When you start to look at the main things that are wrong with dangerous cults, or any kind of mass movement in general, you quickly find your attention going to the nature of belief itself and what is real versus what is fantasy. What I’m talking about doesn’t just apply to religion, although that’s one of the easiest things for most people to see. This also works out in politics, economics, consumerism and even civil rights and gender issues.

How many times have you been caught out trying to fake knowing all about something which you really knew very little or nothing of? How many times in life do we pretend in order to impress, to try to entertain or at least not appear foolish? It happens all the time. We delight in catching people out when they do this, but hate it when we meet someone smarter or more experienced or who can just see through our shenanigans.
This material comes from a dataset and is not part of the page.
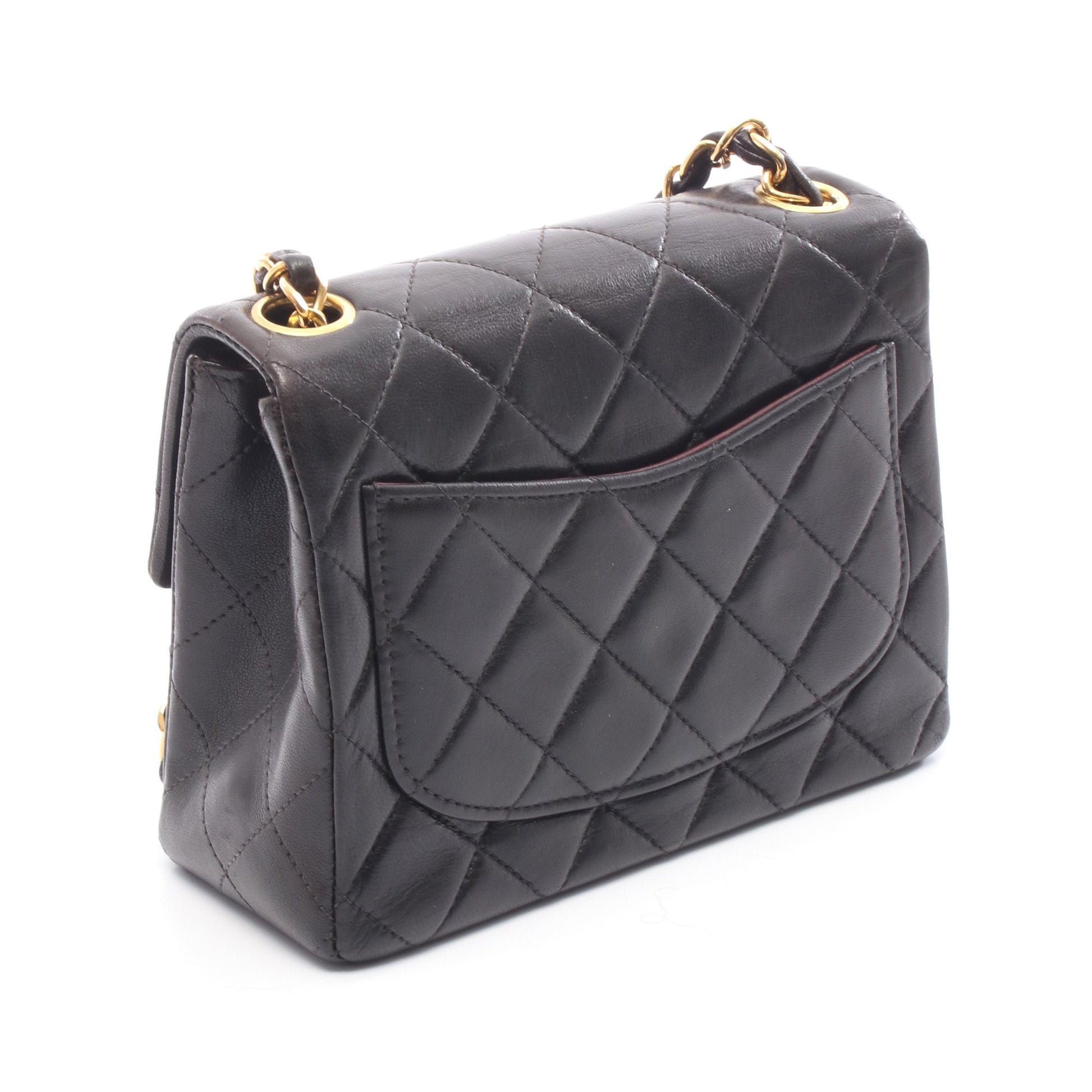 ミニマトラッセ チェーンショルダーバッグ ラムスキン ブラック ゴールド金具 シャネル バッグ CHANEL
Now imagine doing that all the time. Habitually pretending you know all about everything –
especially all of the “important” things like what is the meaning of life, why everyone acts the way they do, where we all came from and where we are all going with our lives. If you were to live under this pretense for long enough, you would likely forget any real questions you yourself still had and would develop a certainty that you have all the answers to everything that matters.

That is what life is like in a dangerous cult like Scientology. But to one degree or another, that can also apply to any mass movement.

The Psychology of Certainty

Certainty. Decisiveness. Conviction. Positiveness.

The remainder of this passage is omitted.